#### Work to complete:
With pictures excluded, repeat exactly the lines from the one containing "A woman in yellow" through the last line of the material below.

#### Provided data:
....................
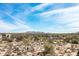 Vast desert landscape under a clear, blue sky, showcasing native vegetation and secluded homes in a serene setting with mountain views at 8167 E Leaning Rock Rd # 193, Scottsdale, AZ 85266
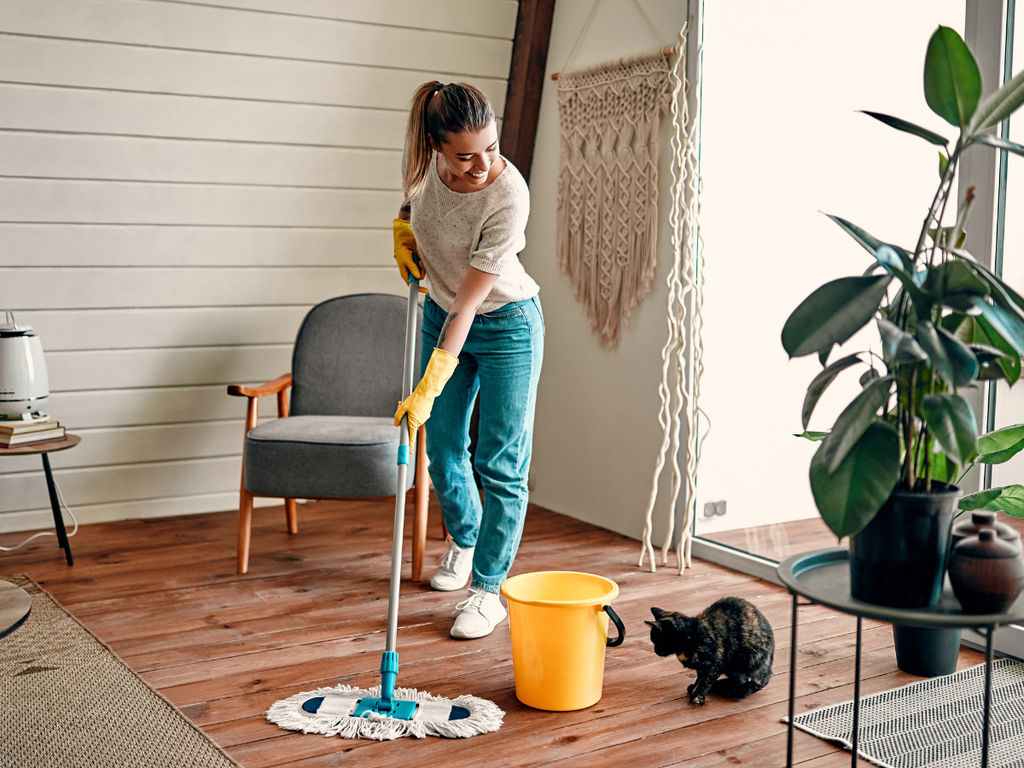 A woman in yellow rubber gloves mops a wooden floor next to a cat and a bucket, a common task to consider when reviewing questions to ask a house cleaning service.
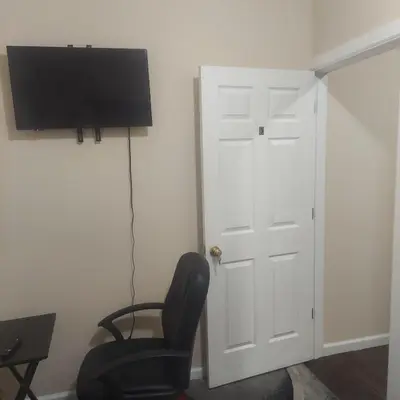 a room with a chair and a tv and a door at Deluxe Room E in Jersey City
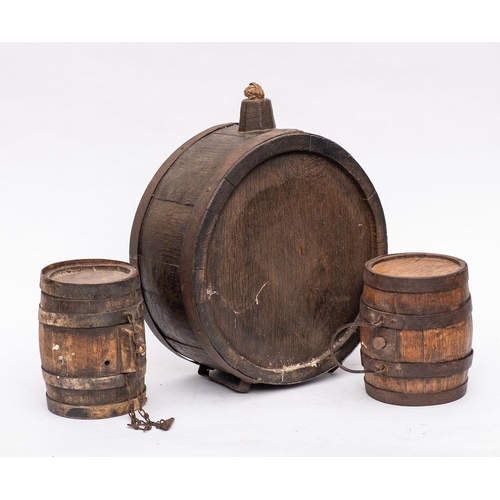 273 - A French oak and iron coopered upright brandy barrel:, the side with initials L.J., 33cm diameter, a...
....................
#### Answer box:
 A woman in yellow rubber gloves mops a wooden floor next to a cat and a bucket, a common task to consider when reviewing questions to ask a house cleaning service.
 a room with a chair and a tv and a door at Deluxe Room E in Jersey City
 273 - A French oak and iron coopered upright brandy barrel:, the side with initials L.J., 33cm diameter, a...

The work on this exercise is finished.